Quando se casou, mudou-se para o Quilombo Nhunguara, onde vive a família do ex-marido. Os conhecimentos transmitidos pelas gerações anteriores se tornaram inspiração quando, alguns anos após o nascimento da filha caçula, passou por uma separação.
“Essa imagem da minha mãe, de como ela fazia, ficou na minha cabeça. [...] Eu consegui cumprir meu papel [de mãe], mas foi por tudo isso que eu aprendi lá atrás. Eu não me apavorei e pensei ‘se a situação ficar um pouco mais difícil por aqui, eu sei como fazer’.”
Ser quilombola no Século XXI
Ainda carregada de uma nostalgia da infância no quilombo, Maria Tereza destaca que muita coisa mudou na rotina dos quilombos do Vale do Ribeira, sobretudo pela chegada de novas tecnologias. “Muitas vezes eu saía para trabalhar e deixava o feijão lá cozinhando no fogão a lenha, cuidando daquela panela para não queimar, controlando com a lenha e não com o gás. Hoje em dia todo mundo tem fogão”.
Esse novo cenário permite que seja destinado mais tempo para o cuidado com a floresta e para a articulação política, de modo que a cultura e o conhecimento ancestral das populações quilombolas no Brasil fortaleçam a luta por direitos também fora das comunidades.
A agricultora lembra que já foi questionada sobre seus olhos claros, a partir do olhar de quem julga haver um padrão estético comum para a população quilombola. “Teve pessoas que me fez essa pergunta, se eu realmente sou quilombola. Eu respondo para eles que eu tenho certeza que sou quilombola, porque tudo é quilombola. Meus parentes, bisavós, é tudo família do quilombo, tudo residiu nessa região nossa e são quilombolas. Em momento algum eu não me considerei quilombola por isso”.

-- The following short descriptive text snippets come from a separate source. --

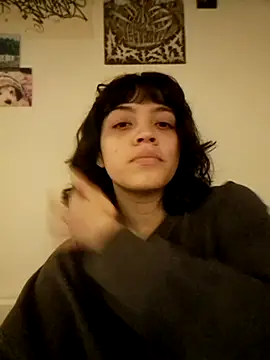  curiouskitten  online show from September 28, 2025, 4:19 am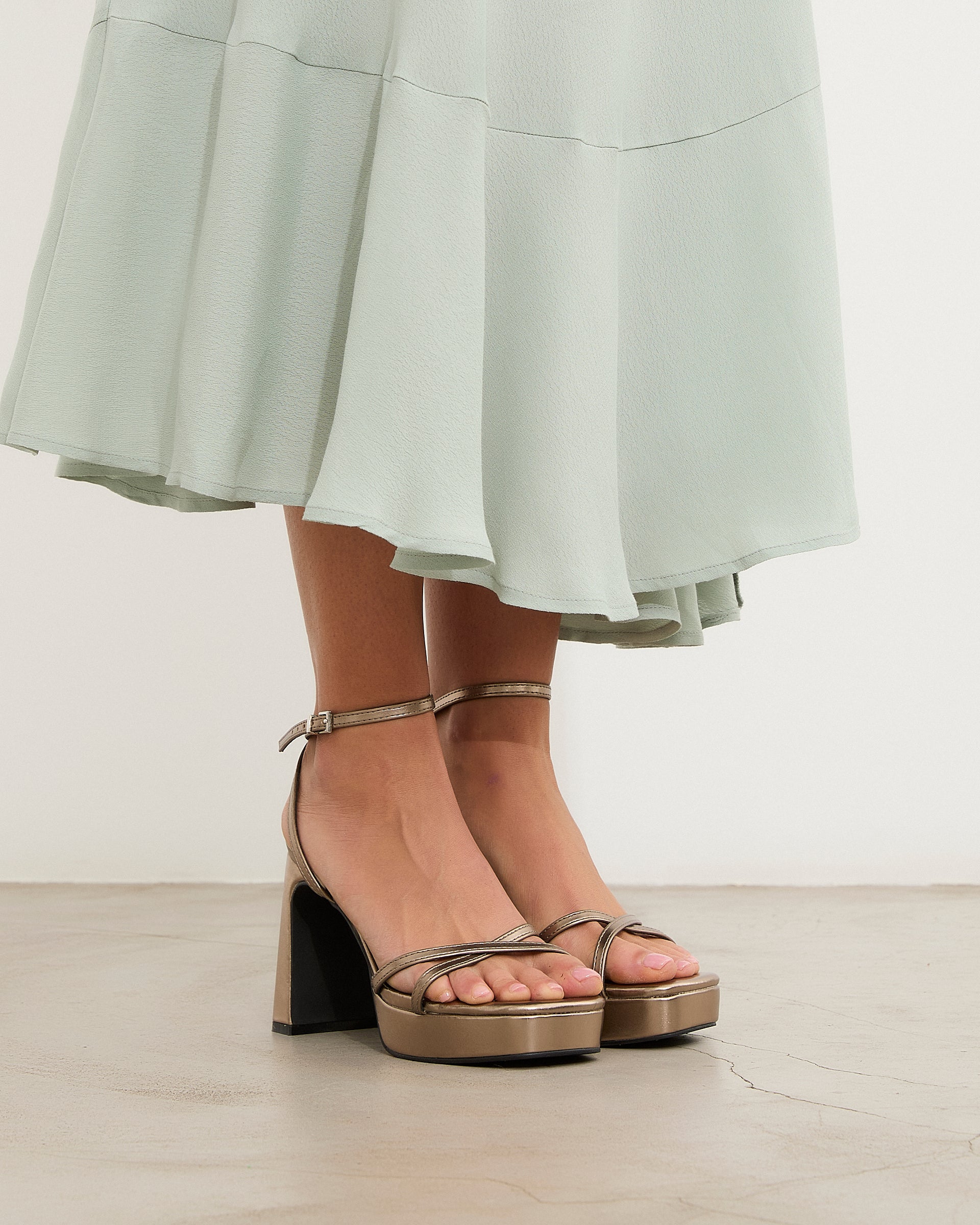 MIM Sandalia de tacón GRETA METALIZADO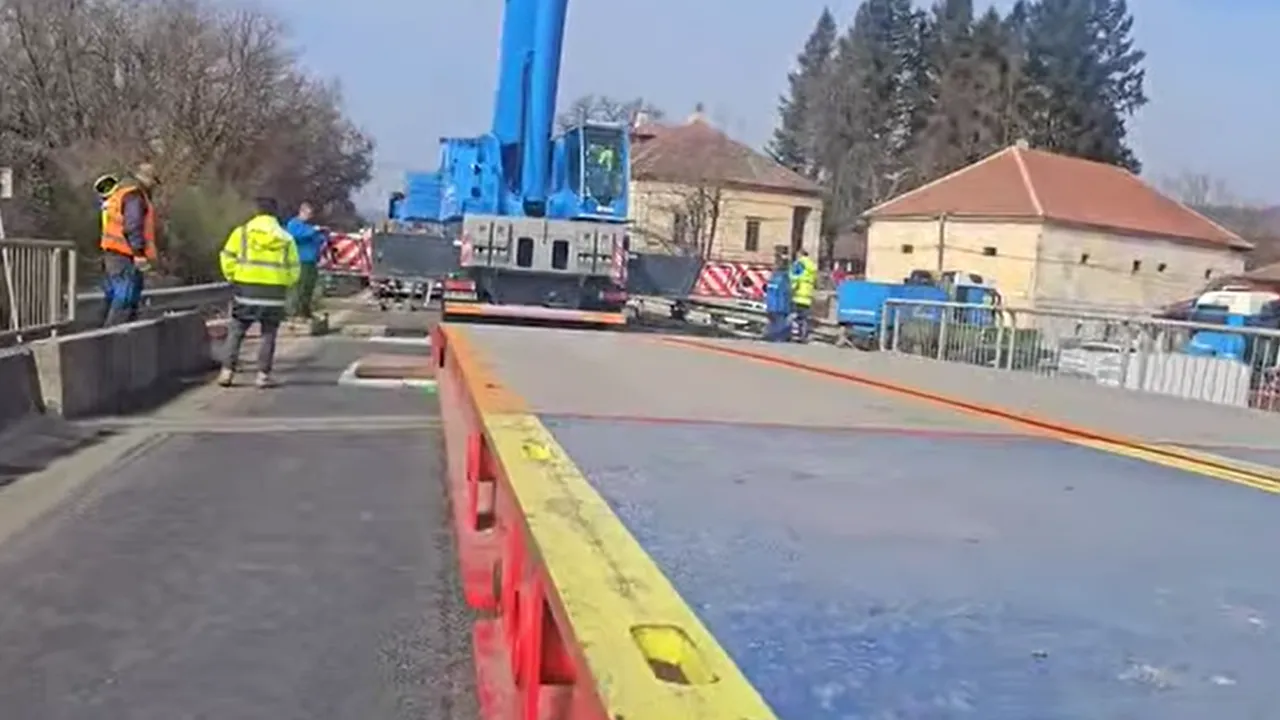 CNAIR: Platforma „flyover” pentru CONVOIUL agabaritic de 788 de tone, montată pe DN 7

Esses espaços, inicialmente ocupados enquanto resistência frente à escravidão e à colonização, são hoje o lugar da liberdade e da justiça, marcado por saberes ancestrais no cuidado com as pessoas e com a terra. “Geralmente quem não conhece aquele mundo, imagina que o quilombo é aquela coisa de cem anos atrás”, afirma.
A luta é coletiva
Conforme os filhos foram crescendo, Maria Tereza Vieira despertou para a luta por direitos das comunidades quilombolas do Vale do Ribeira.
A agricultora decidiu terminar os estudos no colegial e passou a participar ativamente das reuniões da associação de moradores da comunidade em que mora e da Rede de Sementes do Vale do Ribeira.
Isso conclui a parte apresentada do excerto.